Celery Cannot connect to sentinel: No master found for 'mymaster'

Question

I have a working redis sentinel. I can connect to it with python code and ping it without issue (code below). However when I try to connect my celery application to this redis sentinel, I get back no master found for 'mymaster'. I probably have some settings wrong? both my master and my sentinel are protected by password. I am running it in Openshift, though I am not sure it is relevant as the sentinel is accessible by the python code from a different pod (and service).
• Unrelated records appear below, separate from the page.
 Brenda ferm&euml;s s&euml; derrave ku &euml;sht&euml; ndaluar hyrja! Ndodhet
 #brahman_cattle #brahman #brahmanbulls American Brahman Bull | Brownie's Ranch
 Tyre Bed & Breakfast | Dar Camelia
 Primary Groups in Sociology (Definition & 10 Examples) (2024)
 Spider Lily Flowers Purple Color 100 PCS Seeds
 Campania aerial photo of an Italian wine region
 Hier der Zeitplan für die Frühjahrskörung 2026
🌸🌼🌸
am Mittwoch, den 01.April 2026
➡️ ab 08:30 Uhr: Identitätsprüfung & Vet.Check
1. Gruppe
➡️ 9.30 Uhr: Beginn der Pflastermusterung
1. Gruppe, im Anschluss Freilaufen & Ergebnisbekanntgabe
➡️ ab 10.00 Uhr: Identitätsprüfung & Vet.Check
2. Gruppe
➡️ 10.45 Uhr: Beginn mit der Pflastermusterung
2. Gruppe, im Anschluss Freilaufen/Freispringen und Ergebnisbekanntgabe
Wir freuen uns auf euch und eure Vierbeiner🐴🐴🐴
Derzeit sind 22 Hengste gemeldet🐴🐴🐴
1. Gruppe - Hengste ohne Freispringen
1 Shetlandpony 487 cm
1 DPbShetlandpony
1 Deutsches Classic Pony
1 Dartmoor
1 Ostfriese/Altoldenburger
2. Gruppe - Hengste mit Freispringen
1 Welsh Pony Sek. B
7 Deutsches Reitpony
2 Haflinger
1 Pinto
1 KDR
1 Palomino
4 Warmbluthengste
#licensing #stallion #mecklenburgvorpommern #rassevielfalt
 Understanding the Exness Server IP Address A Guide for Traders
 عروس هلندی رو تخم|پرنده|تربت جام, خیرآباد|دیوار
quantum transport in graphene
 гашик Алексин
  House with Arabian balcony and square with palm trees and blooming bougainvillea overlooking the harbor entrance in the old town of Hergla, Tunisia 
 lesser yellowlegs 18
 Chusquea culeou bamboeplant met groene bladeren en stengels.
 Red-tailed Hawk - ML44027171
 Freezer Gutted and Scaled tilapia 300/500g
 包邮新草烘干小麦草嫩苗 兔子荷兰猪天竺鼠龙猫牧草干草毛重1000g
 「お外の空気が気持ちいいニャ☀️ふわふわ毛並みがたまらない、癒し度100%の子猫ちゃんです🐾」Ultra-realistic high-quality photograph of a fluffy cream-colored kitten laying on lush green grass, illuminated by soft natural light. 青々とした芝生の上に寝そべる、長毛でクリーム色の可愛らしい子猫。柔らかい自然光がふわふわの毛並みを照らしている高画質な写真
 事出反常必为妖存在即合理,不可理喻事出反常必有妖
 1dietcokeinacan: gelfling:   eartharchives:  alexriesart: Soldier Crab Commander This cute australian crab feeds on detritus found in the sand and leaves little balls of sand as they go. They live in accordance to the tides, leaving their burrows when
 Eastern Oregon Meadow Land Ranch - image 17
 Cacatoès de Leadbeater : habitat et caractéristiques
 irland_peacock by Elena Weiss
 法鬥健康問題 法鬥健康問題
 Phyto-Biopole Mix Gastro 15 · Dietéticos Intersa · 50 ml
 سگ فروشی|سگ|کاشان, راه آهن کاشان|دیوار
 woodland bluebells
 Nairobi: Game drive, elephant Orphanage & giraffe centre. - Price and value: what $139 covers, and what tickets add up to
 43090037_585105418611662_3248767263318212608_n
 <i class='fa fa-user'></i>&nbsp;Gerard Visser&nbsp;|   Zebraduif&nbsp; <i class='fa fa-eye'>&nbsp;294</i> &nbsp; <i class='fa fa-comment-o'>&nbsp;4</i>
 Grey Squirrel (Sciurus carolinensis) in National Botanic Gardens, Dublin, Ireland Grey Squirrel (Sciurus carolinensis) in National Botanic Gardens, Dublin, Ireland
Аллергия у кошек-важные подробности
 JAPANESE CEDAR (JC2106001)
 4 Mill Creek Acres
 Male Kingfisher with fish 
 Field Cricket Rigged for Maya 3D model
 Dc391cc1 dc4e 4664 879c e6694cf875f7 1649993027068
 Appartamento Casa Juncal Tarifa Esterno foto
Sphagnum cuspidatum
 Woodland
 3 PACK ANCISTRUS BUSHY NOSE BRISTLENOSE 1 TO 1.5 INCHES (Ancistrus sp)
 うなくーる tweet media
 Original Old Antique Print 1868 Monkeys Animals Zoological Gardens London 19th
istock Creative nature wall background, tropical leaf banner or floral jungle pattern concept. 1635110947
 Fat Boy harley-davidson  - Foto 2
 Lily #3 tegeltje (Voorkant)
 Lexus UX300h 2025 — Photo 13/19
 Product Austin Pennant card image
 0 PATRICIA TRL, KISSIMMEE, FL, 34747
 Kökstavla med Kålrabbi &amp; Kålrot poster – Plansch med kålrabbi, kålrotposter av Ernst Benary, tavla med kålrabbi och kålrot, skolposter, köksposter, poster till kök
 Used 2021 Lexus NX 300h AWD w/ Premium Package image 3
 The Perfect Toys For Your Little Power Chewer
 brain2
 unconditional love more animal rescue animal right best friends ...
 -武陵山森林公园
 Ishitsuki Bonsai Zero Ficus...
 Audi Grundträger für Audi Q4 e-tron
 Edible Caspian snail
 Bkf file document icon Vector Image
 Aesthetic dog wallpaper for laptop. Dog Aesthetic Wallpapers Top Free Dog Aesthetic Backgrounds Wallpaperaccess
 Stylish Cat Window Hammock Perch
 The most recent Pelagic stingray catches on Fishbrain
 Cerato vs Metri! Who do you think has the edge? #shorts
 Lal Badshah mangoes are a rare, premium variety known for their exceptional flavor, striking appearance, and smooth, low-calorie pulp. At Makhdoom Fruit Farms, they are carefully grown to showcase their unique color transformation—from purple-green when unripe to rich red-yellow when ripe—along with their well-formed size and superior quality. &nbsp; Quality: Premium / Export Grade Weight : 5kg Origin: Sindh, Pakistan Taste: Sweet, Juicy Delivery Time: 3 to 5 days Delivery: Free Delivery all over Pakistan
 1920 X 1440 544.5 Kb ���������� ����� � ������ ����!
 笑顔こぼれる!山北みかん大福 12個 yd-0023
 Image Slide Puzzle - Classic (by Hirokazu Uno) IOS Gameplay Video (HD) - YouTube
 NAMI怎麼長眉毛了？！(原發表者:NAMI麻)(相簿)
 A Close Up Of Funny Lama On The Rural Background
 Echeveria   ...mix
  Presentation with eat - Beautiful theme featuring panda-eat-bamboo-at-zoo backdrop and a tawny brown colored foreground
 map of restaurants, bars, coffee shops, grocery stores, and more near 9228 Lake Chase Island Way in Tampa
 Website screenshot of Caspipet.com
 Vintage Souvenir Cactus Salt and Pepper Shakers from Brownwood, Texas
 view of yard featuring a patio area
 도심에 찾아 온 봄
redis-cli -p 26379 -h 192.168.7.248
192.168.7.248:26379> auth abc
OK
192.168.7.248:26379> info sentinel
# Sentinel
sentinel_masters:1
sentinel_tilt:0
sentinel_running_scripts:0
sentinel_scripts_queue_length:0
sentinel_simulate_failure_flags:0
master0:name=mymaster,status=ok,address=192.168.18.36:6379,slaves=0,sentinels=1

import redis
from redis.sentinel import Sentinel

sentinel = Sentinel([('192.168.7.248', 26379)], sentinel_kwargs={'password': 'abc'})
host, port = sentinel.discover_master("mymaster")
redis_client = redis.StrictRedis(
        host=host,
        port=port,
        password='abc'
    )
print(redis_client.ping())

This code prints out "True".

My celery app:

from celery import Celery

app = Celery("app_celery")

options = {
    "master_name": "mymaster",
    "sentinel_kwargs": {"password": "abc"},
}
app.conf.broker_url = "sentinel://192.168.7.248:26379"
app.conf.broker_transport_options = options

I am absolutely desperate, any help would be really appreciated.

Answer 1

Celery documentation shows how to configure your sentinel password only. https://docs.celeryq.dev/en/stable/getting-started/backends-and-brokers/redis.html

If both your master and sentinel are password protected then below is how you can initialize your Celery app.

from celery import Celery

REDIS_PASSWORD = 'your_redis_password'
REDIS_SENTINEL_PASSWORD = 'your_redis_sentinel_password'

redis_broker = f'sentinel://:{REDIS_PASSWORD}@localhost:26379;sentinel://:{REDIS_PASSWORD}@localhost:26380;sentinel://:{REDIS_PASSWORD}@localhost:26381'

app = Celery('app_celery', broker=redis_broker)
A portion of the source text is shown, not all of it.